Well This Is Pretty Darn Disgusting News

12.01.11 Written by Burnsy

At least seven Andover, Massachusetts high school basketball players have been punished for what can only be described as one sticky hazing situation. Two students have been expelled from school while the other five have been kicked off their team after they forced two younger teammates to play the most disgusting game of one-on-one of their lives.

During some good old team hazing, the two younger players were forced to play the classic game “Ookie Cookie”, AKA “Cookies n Cream” or “Wet Biscuit”. If you’re unfamiliar, the game involves multiple males pleasuring themselves and releasing their ejaculates onto a cookie, with the last person to climax being forced to eat the cookie. And yet girls laugh and call me a two-pump chump.

The two ringleaders of the hazing were expelled while the others involved received suspensions for an unknown amount of time and will not be allowed to compete in school sports for the remainder of the school year, sources said.

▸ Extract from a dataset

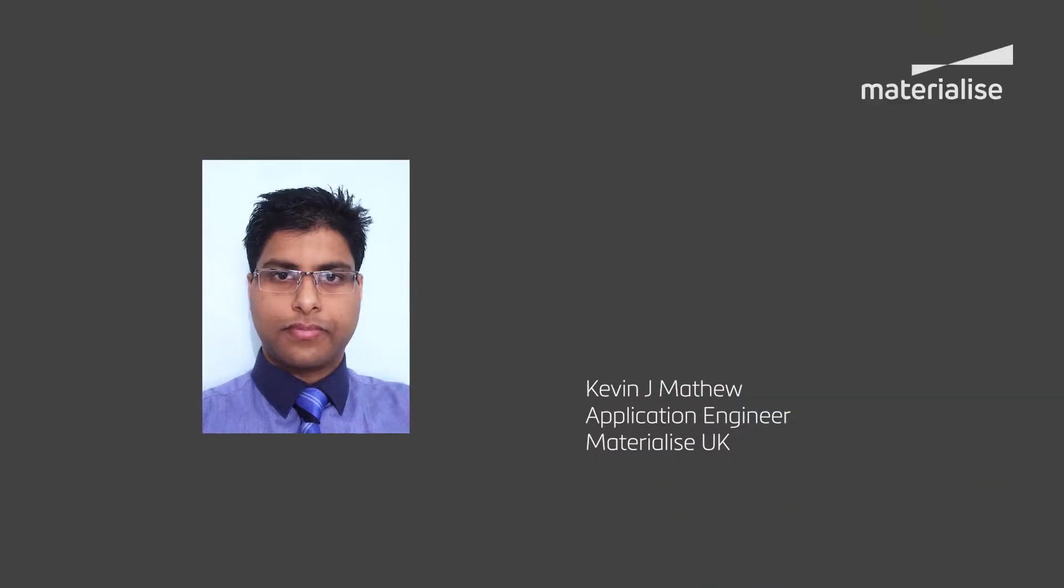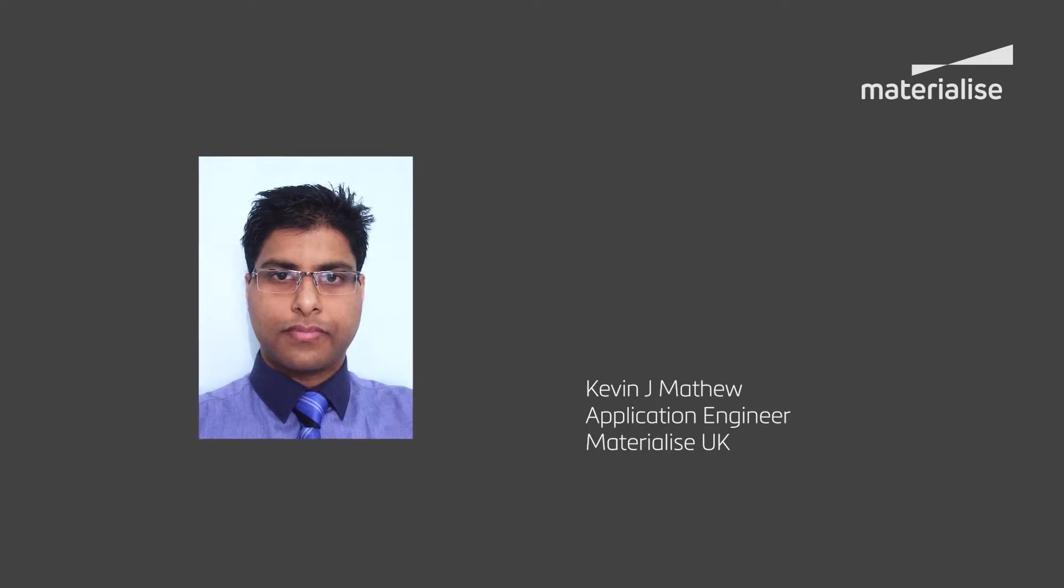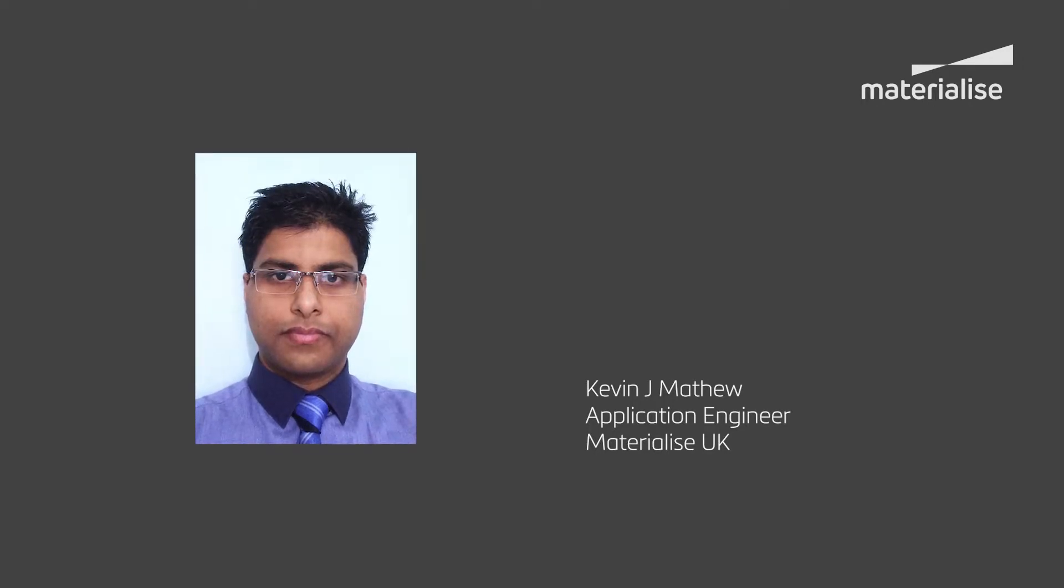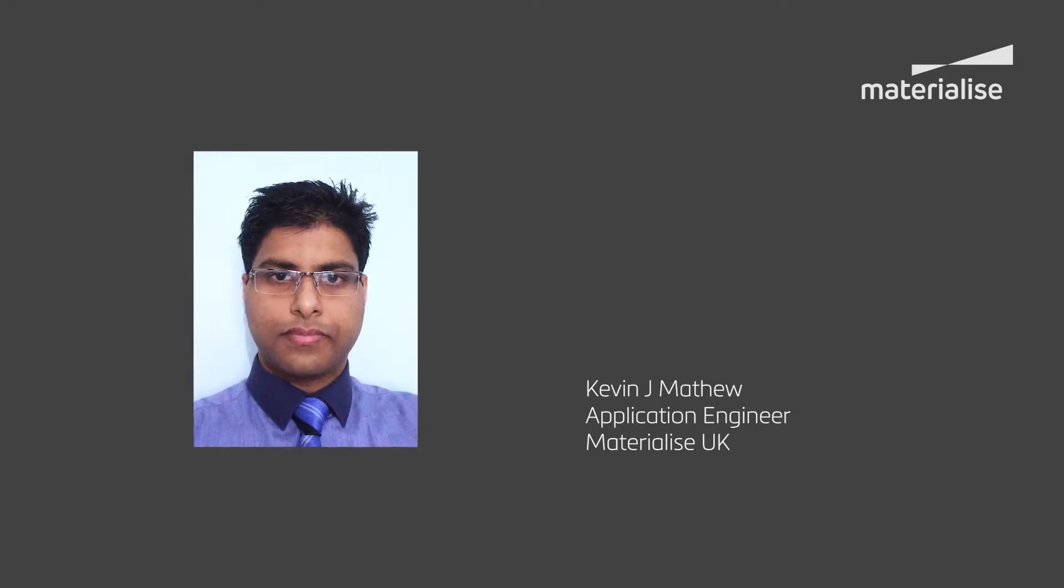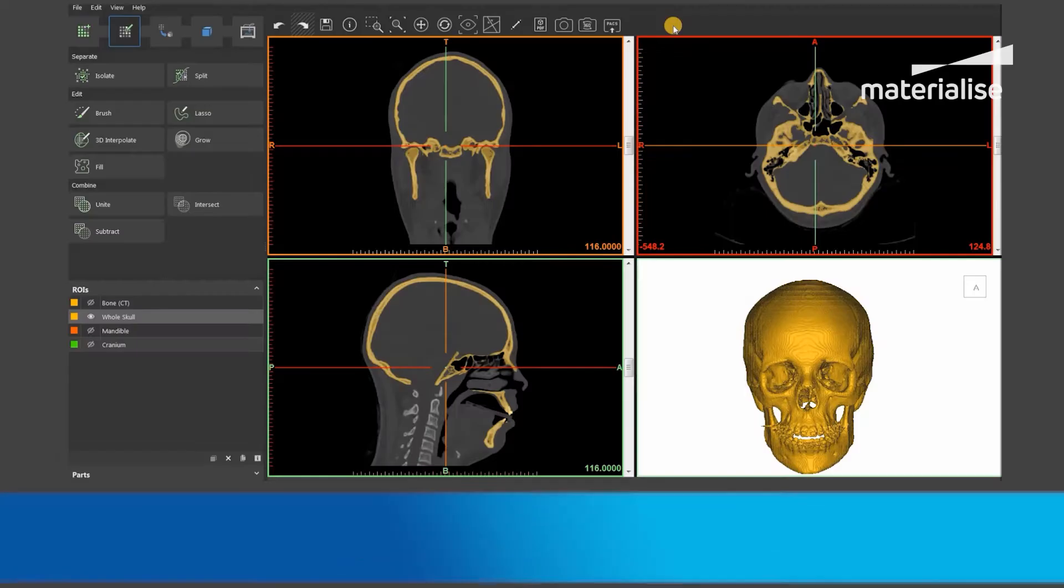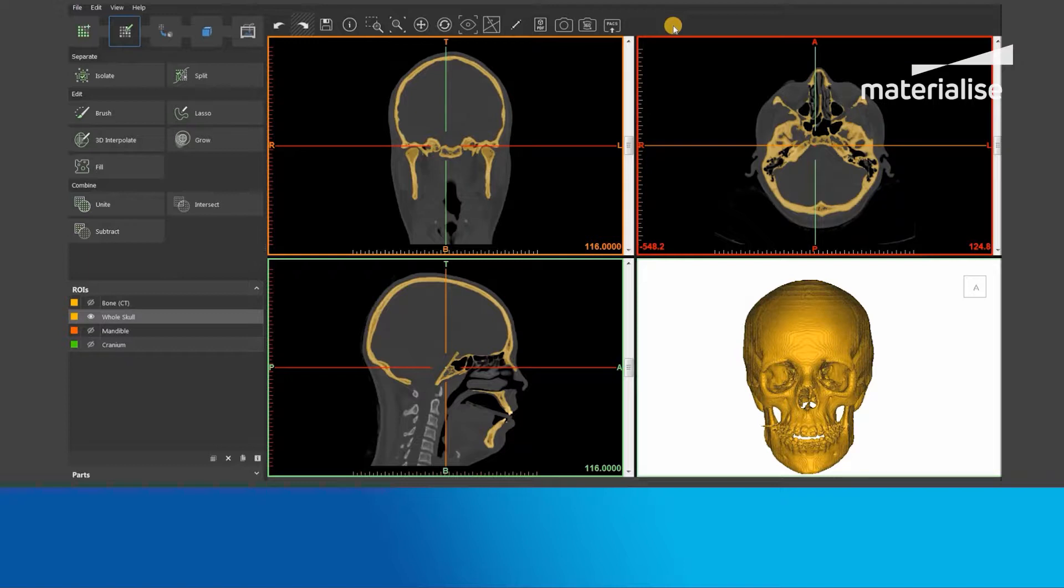Hello, I'm Kevin J Matthew from Materialise UK. Today I'll be showing you how to use the Export 3D View and Send to PACS tools to send 3D models back to the PACS system within Materialise Mimics Imprint.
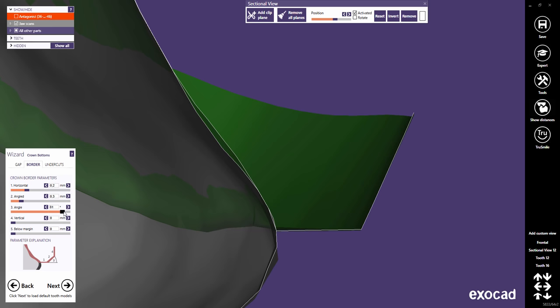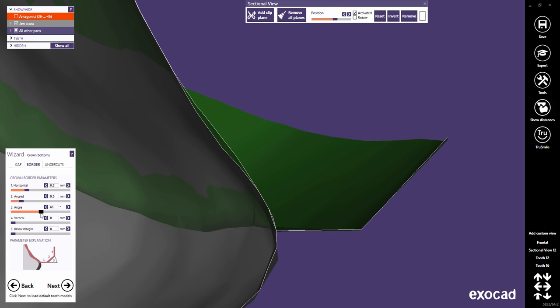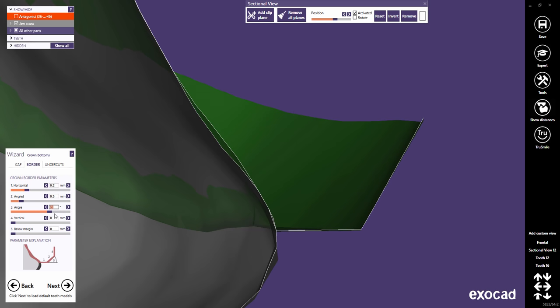Angle defines the angle for the angled part. Vertical defines an additional vertical border — commonly, this value is also set to 0. Below Margin defines an absolute offset for all the drawn margin points in the insertion direction.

In a letter to parents yesterday, Superintendent Marinel McGrath said her investigation confirmed students violated the schools’ anti-hazing and anti-bullying policies, and called the players’ actions “both disappointing and disturbing.”

(Via the Eagle Tribune)

Disappointing and disturbing? How about horrifying and life-altering? Screw expulsion and being kicked off the team. The guy who “won” this game already got his ass out of dodge and transferred to a school in another district. But the guy who ate the cookie? He needs to transfer to another continent, which is totally unfair. The only just punishment for these kids is eye for an eye.

The poor guy who was forced to eat the cookie should not only be allowed to prepare an entire meal for the 7 guys involved, but he should be able to air their buffet of bodily fluids on TV. I suggest something pube-based with a carb-light doo-doo sauce, and if they need a venue for the meal, I recommend in the middle of the Mass Pike.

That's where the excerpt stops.